When I decorate a module class A that inherits nn.Module with dataclass, the main model class B (class A is the sub module) that also inherits nn.Module will report an error when calling the to(device) method. The error message is TypeError: unhashable type: 'A'. This problem can be reproduced in the following simple way. are there some possible ways to solve this issue?
@dataclass
class A(nn.Module):
a: int
b: int
c: int
def forward(self, x):
return self.a * x + self.b * x + self.c
class B(nn.Module):
def __init__(self, a, b, c):
super().__init__()
self.a = a
self.b = b
self.c = c
self.sub_module = A(a, b, c)
def forward(self, x):
return self.a * x + self.b * x + self.c
model = B(1, 2, 3).to(torch.device('cuda'))
x = torch.tensor([1.0])
print(model(x))
I also use JAX, in which dataclass is very convenient and can be registered as a pytree to leverage autograd. I just wonder if PyTorch has adapted to dataclass.

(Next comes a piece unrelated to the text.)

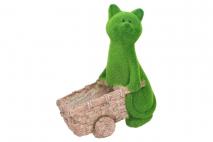 Figura ogrodowa z osłonką 35,5x18,5x42,5cm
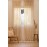 Calma House - Έτοιμη Κουρτίνα Xarxa Ecru 140x280cm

Autograd doesn’t have extensive pytree support like jax, yes, and part of it is for bc-reasons. it is easy to write wrappers that do the pytree handling though.
I just wonder if PyTorch has adapted to dataclass .

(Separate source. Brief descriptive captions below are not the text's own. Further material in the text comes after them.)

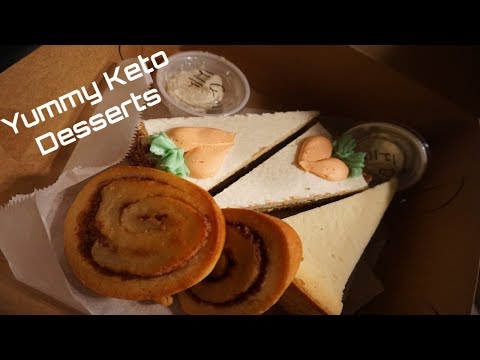 Keto Friendly Desserts | 12 Days of Vlogmas Day 4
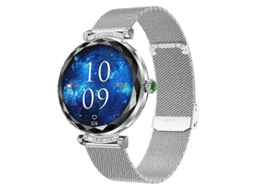 Relógio Inteligente Nx7 Pro Com Tela Colorida De 1,19 Polegadas, Compatível Com Monitoramento De Frequência Cardíaca, Pressão Arterial E Oxigenação Sa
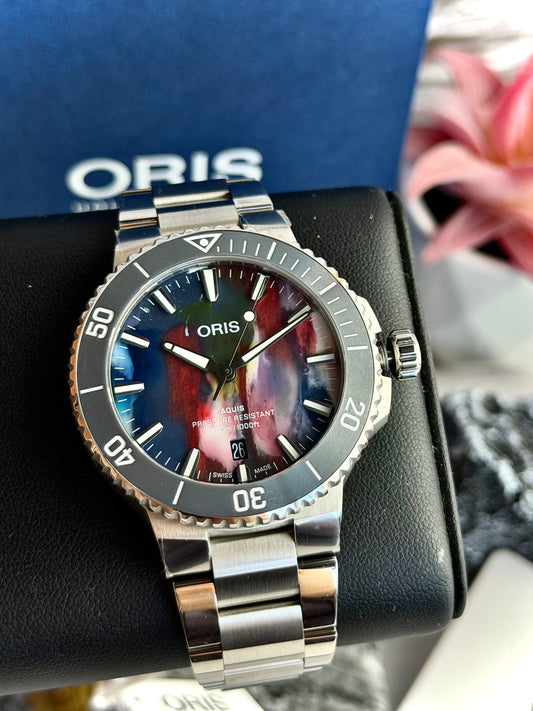 Oris Aquis Upcycle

For the purpose of autograd, I feel like I still don’t completely understand why it benefits to make a module a dataclass, bc you wouldn’t be passing that module instance itself to autograd right?
Yes, as you said, I checked some information and it’s true that you shouldn’t pass a dataclass based module directly into the model, even in jax, it’s just to utilize the dataclass to better manage the model parameters. I got confused with these concepts, thank you very much for your answer, it helped me understand the difference.